Image-text web data
────────────────────────────────────────
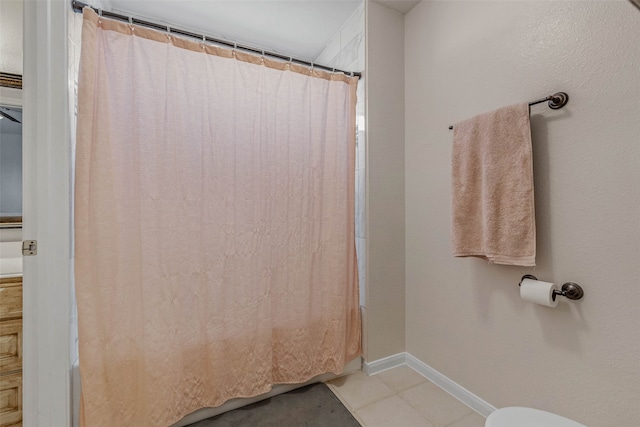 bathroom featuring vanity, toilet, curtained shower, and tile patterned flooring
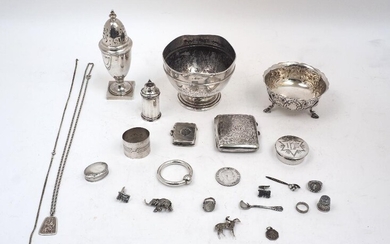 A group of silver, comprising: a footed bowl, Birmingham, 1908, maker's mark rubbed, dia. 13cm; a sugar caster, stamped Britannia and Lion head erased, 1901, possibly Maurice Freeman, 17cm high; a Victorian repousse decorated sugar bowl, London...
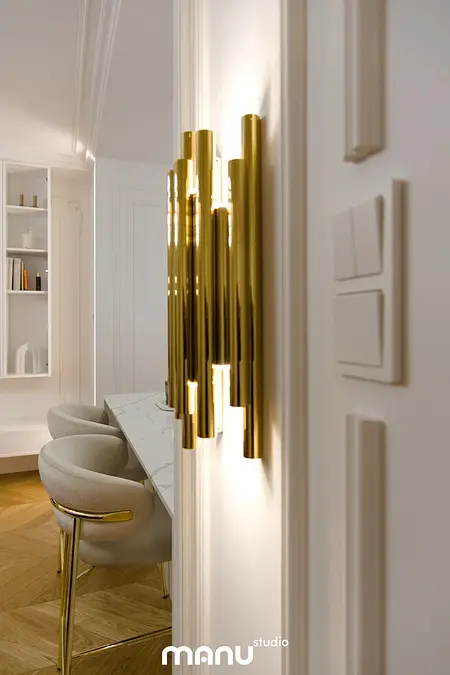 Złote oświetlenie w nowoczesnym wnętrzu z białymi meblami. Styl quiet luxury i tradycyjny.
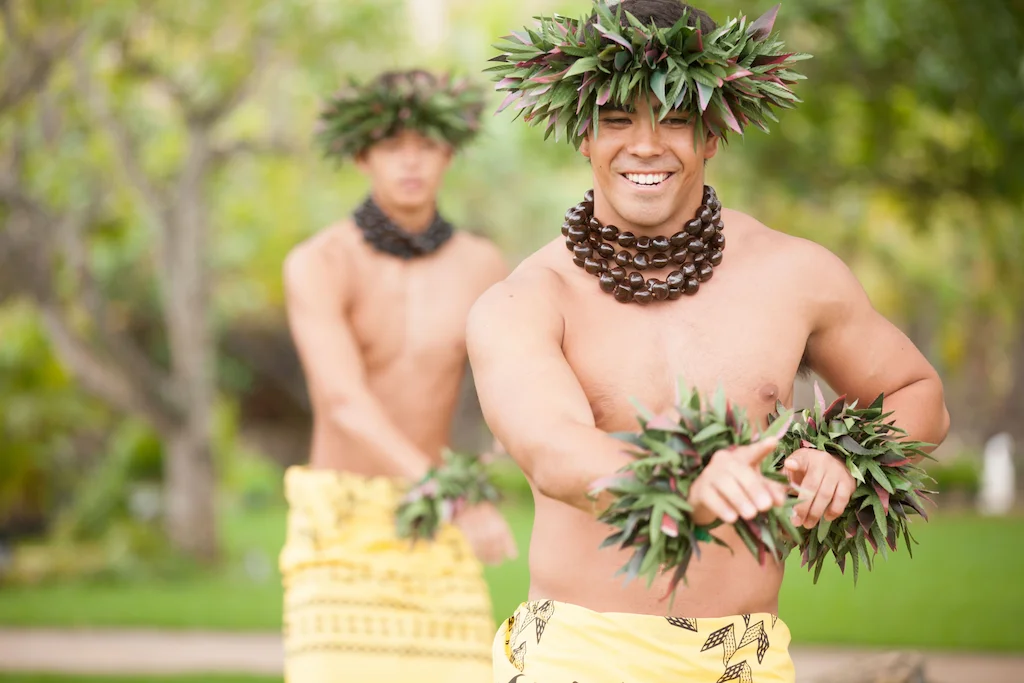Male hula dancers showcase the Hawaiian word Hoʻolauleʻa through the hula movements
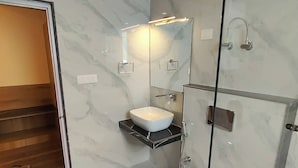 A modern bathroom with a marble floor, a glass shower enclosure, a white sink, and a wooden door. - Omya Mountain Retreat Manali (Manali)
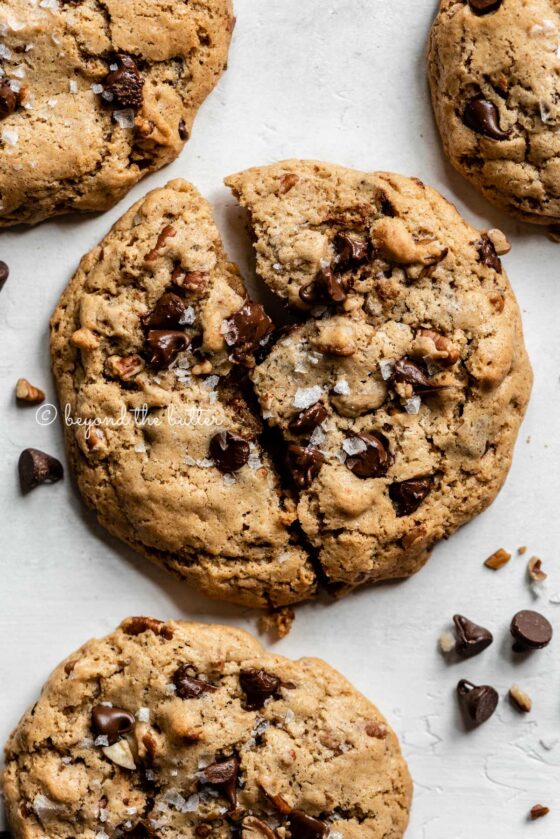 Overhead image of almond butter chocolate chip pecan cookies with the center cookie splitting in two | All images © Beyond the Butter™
────────────────────────────────────────
# ASSIGNMENT
Each line from the one containing "Złote oświetlenie w" to the final line of the data must be printed exactly, both included, with nothing else and no pictures.

# SOLUTION FOR THIS PROBLEM
 Złote oświetlenie w nowoczesnym wnętrzu z białymi meblami. Styl quiet luxury i tradycyjny.
Male hula dancers showcase the Hawaiian word Hoʻolauleʻa through the hula movements
 A modern bathroom with a marble floor, a glass shower enclosure, a white sink, and a wooden door. - Omya Mountain Retreat Manali (Manali)
 Overhead image of almond butter chocolate chip pecan cookies with the center cookie splitting in two | All images © Beyond the Butter™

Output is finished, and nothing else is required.